Harga Pangan Melonjak, Pemerintah Dinilai Salah Urus

Ubah kebijakan importasi pangan.

Oleh:
FNH
Bacaan 2 Menit
Sawah. Foto: ilustrasi (Sgp)
Sawah. Foto: ilustrasi (Sgp)
Naiknya sejumlah harga pangan jelang Ramadhan merupakan permasalahan klasik, yang dari tahun ke tahun selalu terulang. Fakta ini seakan mengungkapkan bahwa tak ada upaya yang dilakukan pemerintah agar lonjakan harga pangan tidak terjadi setiap jelang Ramadhan.

Jika persoalannya terletak pada permintaan (demand) yang tinggi, Pemerintah seharusnya bisa memprediksi naiknya permintaan dalam momentum keagamaan ini. Tapi kok permasalahan yang sama tetap terulang setiap tahun?

Direktur Eksekutif INDEF, Enny Sri Hartati, menilai Pemerintah sudah salah urus dalam mengelola pangan. Cita-cita Presiden Joko Widodo untuk menciptakan ketahanan pangan bahkan kedaulatan pangan, hanya tinggal sebatas mimpi jika tak ada perbaikan kebijakan.

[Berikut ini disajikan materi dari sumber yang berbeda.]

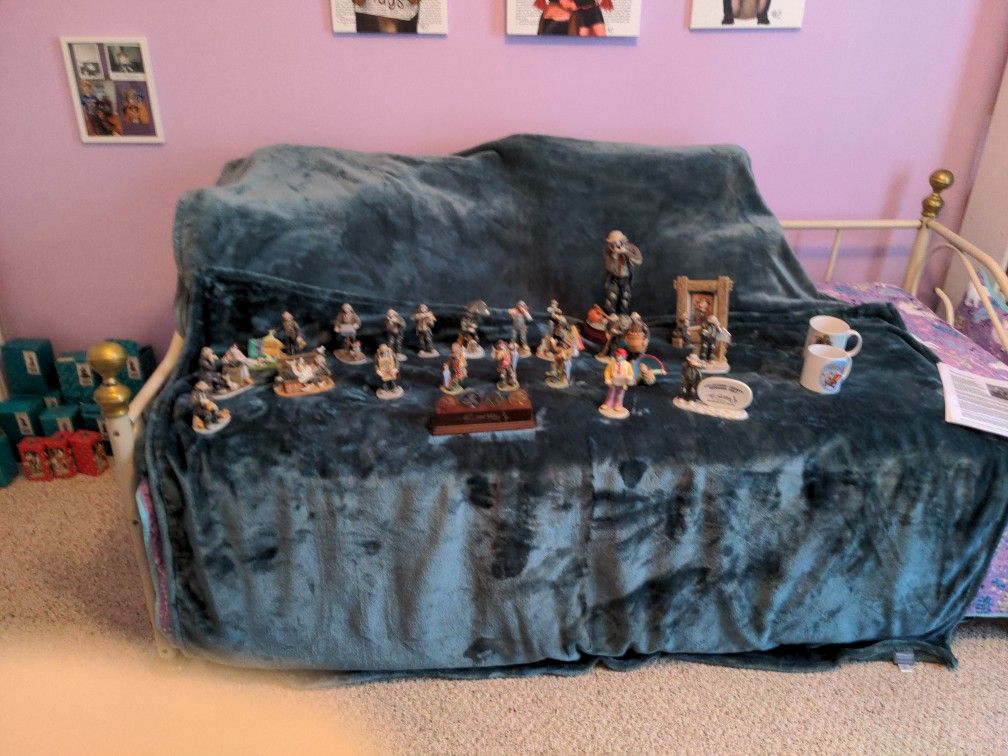 Emmett Kelly, Jr Figurines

Menurut Enny, kebijakan pangan saat ini justru menjadi kontradiksi di mata rantai pangan. Akibatnya, di satu sisi harga pangan melambung tinggi, namun di sisi lain justru tak menjadi stimulus dan daya tarik produsen yang pada akhirnya berdampak pada turunnya produksi. "Di saat harga komoditas dunia menurun, harga pangan di Indonesia malah melonjak. Namun hal ini justru tidak mendorong para produsen. Makanya saya bilang, ini bertabrakan dengan teori ekonomi," kata Enny dalam sebuah diskusi di Jakarta, Senin (06/6).

Kondisi ini terjadi karena inkonsistensi kebijakan yang hanya mengedepankan pencitraan dan lips service belaka. Pemerintah, lanjut Enny, sejauh ini hanya mengeluarkan kebijakan janga pendek yakni sekedar memenuhi gejolak yang ada di masyarakat. Padahal persoalan pangan tidak bisa diselesaikan saat harga pangan melonjak, namun membutuhkan waktu untuk mencapai kedaulatan pangan. Jawabannya adalah pemerintah harus membuat kebijakan jangka panjang untuk mengelola pangan menjadi lebih baik lagi.

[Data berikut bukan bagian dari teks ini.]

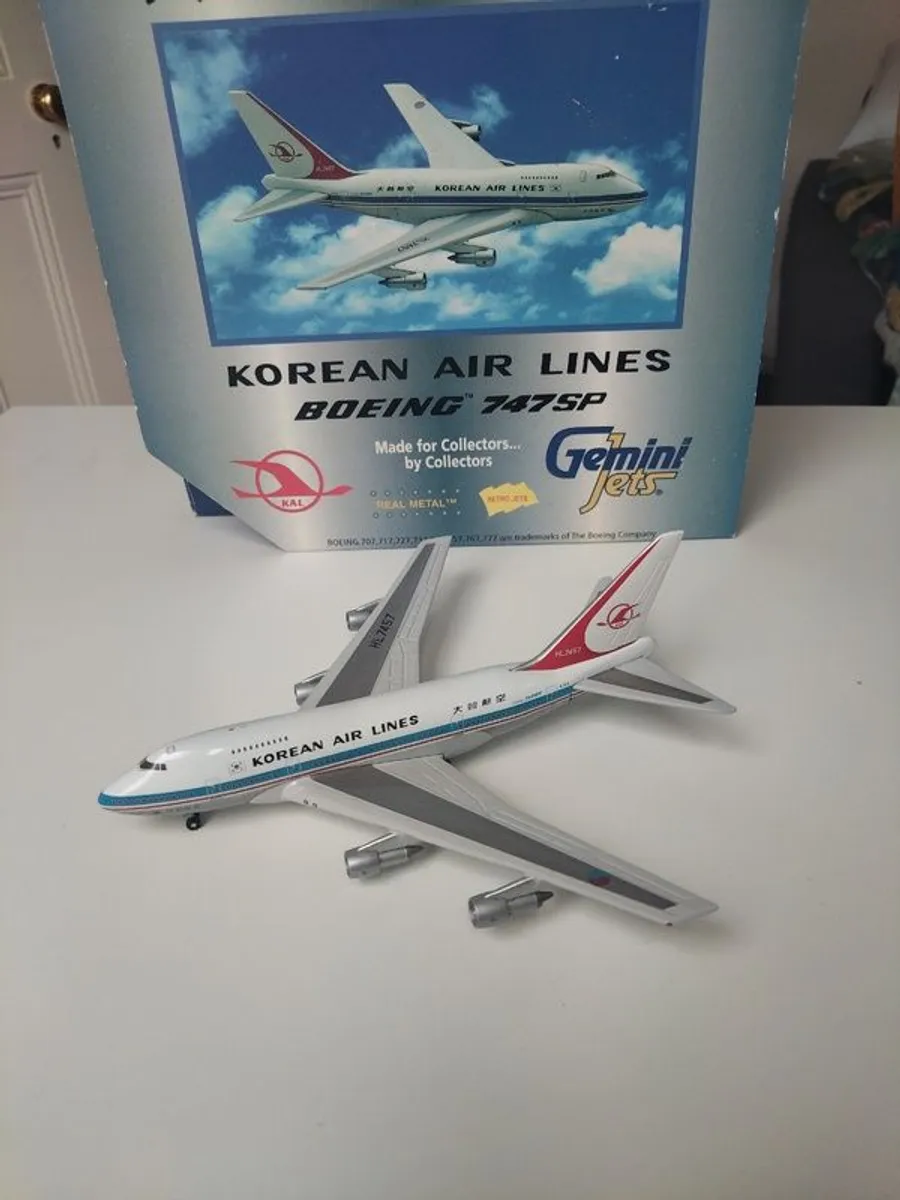 Gemini jets  1/400 model aircraft. - Image 2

“Kebijakan salah urus ini yang menjadi masalah fundamental mengapa Indonesia sebagai negara agraris terbesar tetapi tidak mampu memenuhi pangan sendiri (ketahanan pangan), apalagi mau memasok pangan dunia,” jelas Enny.

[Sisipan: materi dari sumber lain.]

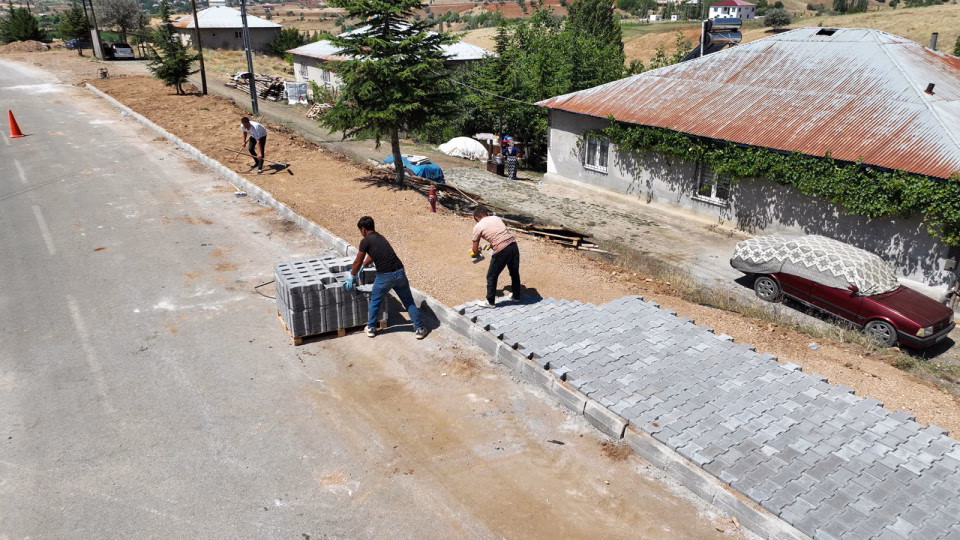 Büyükşehir Belediyesi, Göksun’un Güldağ ve Büyükkızılcık mahallelerinde gerçekleştirdiği kilit parke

Meski tata niaga pangan Indonesia sudah rusak, Enny menyayangkan dikap Negara yang tidak memperbaiki, tetapi justru lepas tangan. Buktinya, pangan strategis pun diserahkan pada mekanisme pasar.

“Saat negara hadir bukannya memperbaiki market failure. Yang terjadi adalah intervensi dalam menambah market failure. Itu yang terjadi, intervensi yang semakin membuat kegagalan pasar,” ungkapnya.

Ke depan, INDEF berharap kebijakan lebih banyak memberikan insentif ekonomi buat para petani. Karena selama ini, lanjutnya, setiap petani mengalami panen, harga tinggi di pasar tidak berdampak kepada petani

Padahal mestinya, sebagai negara agraris mestinya bisa berkontribusi tak hanya kepada pasar domestik tapi juga pasar internasional. Sementara ada perbaikan dari sisi hulu, pemerintah juga diminta untuk memperbaiki sektor hilir. Sejauh ini, sistem persaingan usaha sektor pangan juga rusak.

Wakil Ketua Komisi IV DPR, Viva Yoga Mauladi, mengimbau Pemerintah mampu menciptakan keadilan pasar. Mekanisme pasar yang terjadi selama ini justru tak menciptakan keadilan bagi pelaku usaha pangan. Ironisnya, Pemerintah justru mengambil langkah untuk mengimpor sejumlah pangan. “Hampir semua komoditas itu impor. Perlu perubahan paradigmatik dalam mengembangkan sektor pertanian,” pungkasnya.